The dynamic association between the immune system and the skeletal system has recently been appreciated. It has been suggested that cells involved in the inflammatory cascade might modulate the bone fracture repair process. Interestingly a number of studies have demonstrated that ability of the T lymphocyte to affect bone remodelling and health profoundly. For example the presence of T lymphocytes has been shown to increase bone resorption during experimental induced arthritis. We wanted to investigate the role of specific T lymphocytes in fracture repair and required an in vivo model to deplete CD4 and CD8 T lymphocytes selectively.

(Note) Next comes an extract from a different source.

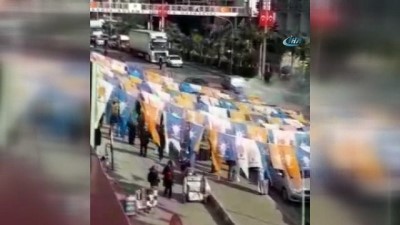  Seyir halinde yanan otomobil paniğe neden oldu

Method The cell lines of Anti-L3T4 (CD4), Anti-Lyt-2 (CD8) and Anti-phytochrome were obtained from ECACC and produced by Edinburgh University group, Immunosolv. Anti-phytochrome (AFRC MAC 51) antibody was used as the control. To each group of 5 murine models 50ìL of CD4 or CD8 or control antibody was injected ip on days 0, 1, 2, 7, 8, and 9. The body weight and behaviour were measured. On day 20 the spleens were sampled and a single cell suspension was created for each murine model. PE CD8 antibody and FITC CD4 antibody were then added to each sample. Each spleen sample was then cell sorted using the FACS machine.

Results Compared to the control group the murine model injected with CD4 antibody had only 1.14 % of CD4 T cells remaining (mean 2.462 % +/− 0.270). Similarly, the murine models injected with CD8 antibody had only 1.8% of CD8 T cells remaining (mean 1.723 % +/− 1.036).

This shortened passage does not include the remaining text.